§ **What to do**:
Every line from the one with "2019 Toyota Highlander XLE" to the final line of the records should be printed exactly as it is, with pictures left out.

[Captioned web image data]
━━━━━━

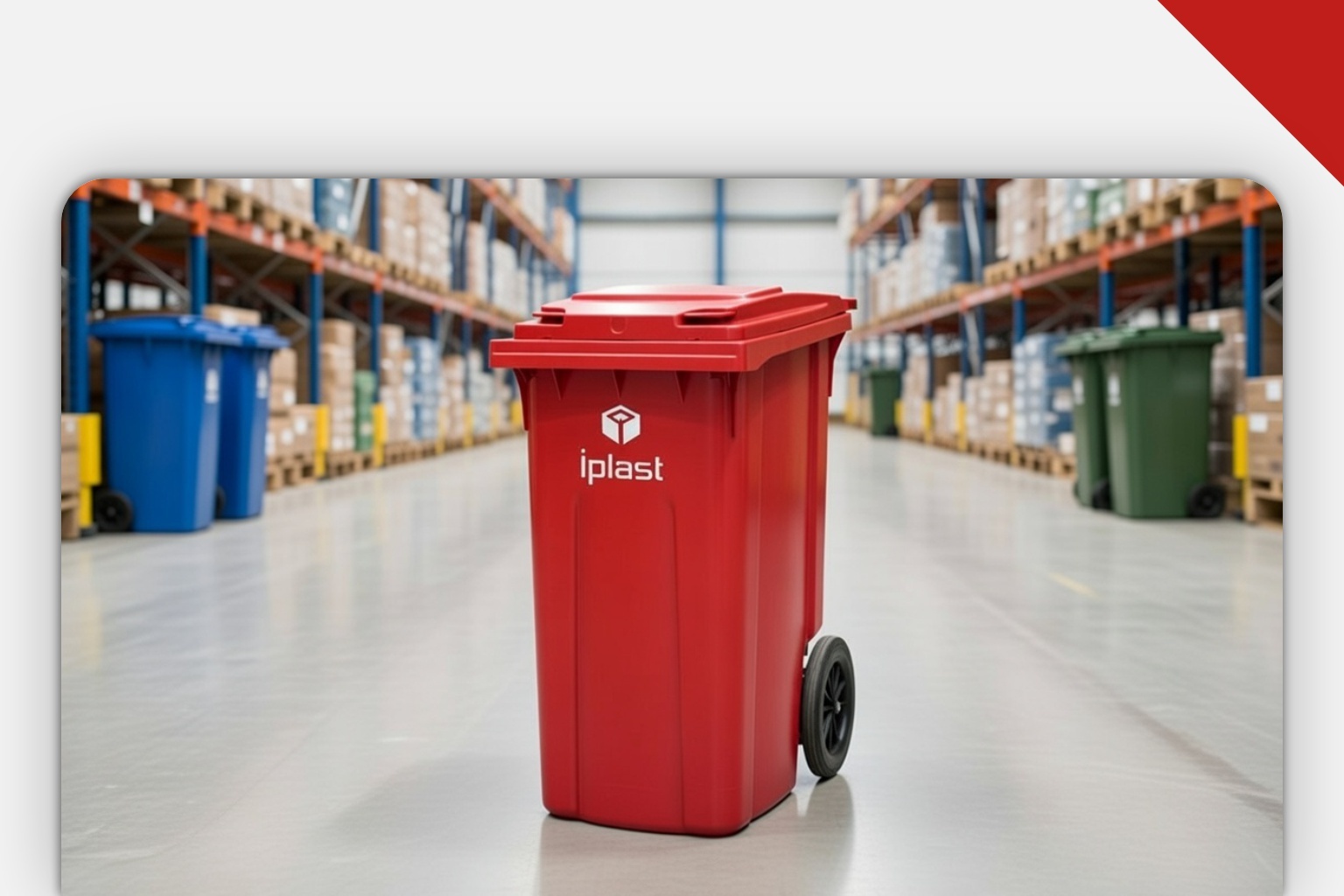 «Ай-Пласт» выпустил новый контейнер для ТКО объемом 360 литров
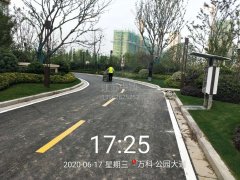 停車場劃線按什么算？停車場車位線怎么劃線？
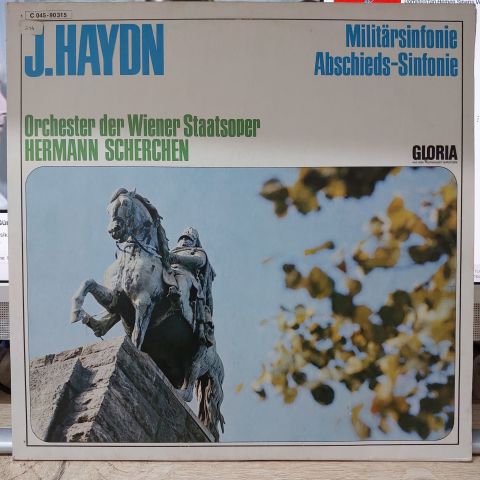 J. Haydn - Orchester Der Wiener Staatsoper LP PLAK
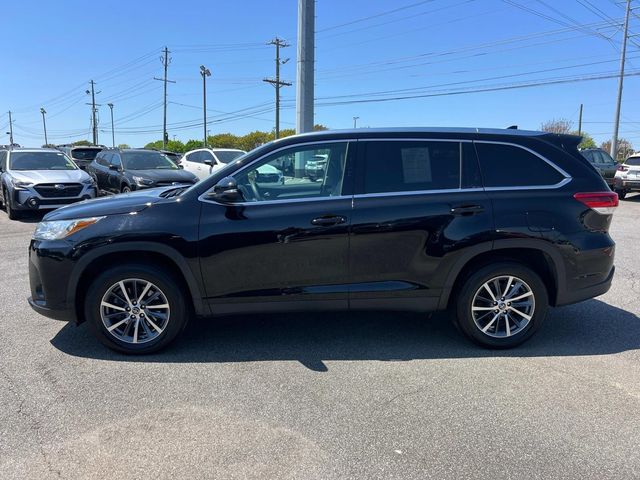 2019 Toyota Highlander XLE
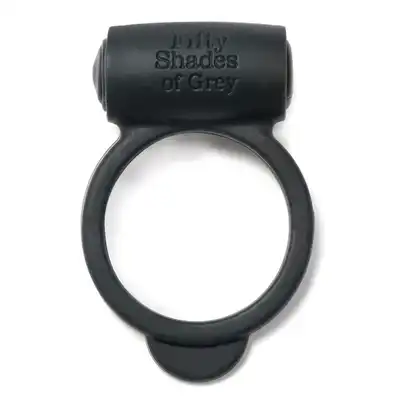 Fifty Shades of Grey - Yours and Mine. Pierścień erekcyjny - wibrujący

━━━━━━

§ **Output of the exercise**:
 2019 Toyota Highlander XLE
 Fifty Shades of Grey - Yours and Mine. Pierścień erekcyjny - wibrujący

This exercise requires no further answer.